Robert Swain, Untitled-8x10-3x16, 2021. Acrylic on aluminum panel, 96 x 120 inches. Copyright © Robert Swain. Courtesy David Richard Gallery. Photo: Yao Zu Lu.
Robert Swain: The Perception of Color
By Alfred Mac Adam
March 31, 2023
The study of color theory is a shortcut to madness. From Goethe’s 1810 Theory of Colours, to Manlio Brusatin’s 1983 Storia dei Colori, to Philip Ball’s 2001 Bright Earth: Art and the Invention of Color, philosophers, critics, and chemists have befuddled and dazzled us with explanations of what color is and how it interacts with our perceptual mechanisms. The problem with these explanations is that they are all verbal: until Josef Albers’s 1963 Interaction of Color, thinking about color was rather like trying to explain a sunset to a blind person.
The three painters gathered under the rubric of the Hunter Color School—Sanford Wurmfeld (b. 1942), Gabriele Evertz (b. 1945), and Robert Swain (b. 1940)—have all written extensively about color, the perception of color, and the manipulation of color. But their writings, like Albers’s, remind us of Byron’s gibe at the expense of Coleridge’s explanation of his philosophy: “I wish he would explain his Explanation.” Read their writings, by all means, but when the words cease to move you, look at the work—a far more rewarding experience. Robert Swain’s current exhibition The Perception of Color lets ten paintings (please excuse the mixed metaphor) do the talking, and their rhetoric makes a more convincing argument than any essay.
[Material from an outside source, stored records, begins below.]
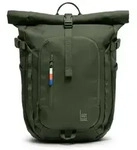 GOT BAG Rolltop Adventure Daypack 47 cm Laptopfach oliv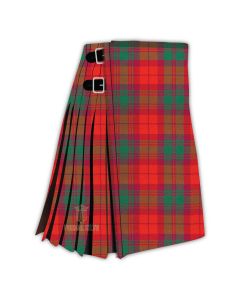 MacNab Ancient Tartan Kilt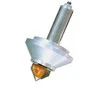 Cmt 3D ROUTER CARVER BIT SLEEVE 90 D18,2 S8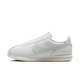 Nike Cortez Leather Summit White Light Silver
There is no room for the aleatory, for chance, in Swain’s practice. The ten paintings on view at David Richard Gallery are deployed as five pairs of identically-sized works: two sets of 48 by 48-inch acrylics on canvas, and three sets on aluminum, one measuring 96 by 120 inches and two at 72 by 72. The forty-eight-inch square pieces are composed of sixteen squares each, the larger rectangular works of eighty squares, and the seventy-two-inch square acrylics of thirty-six squares. There may be symbolism associated with the square—stability, the four cardinal directions gathered in harmony, or simply a memory of Albers’s homage to the square, but that seems all too reductive in the case of Swain. His squares are like building blocks, and it is not their geometry but the color he assigns to each that matters most.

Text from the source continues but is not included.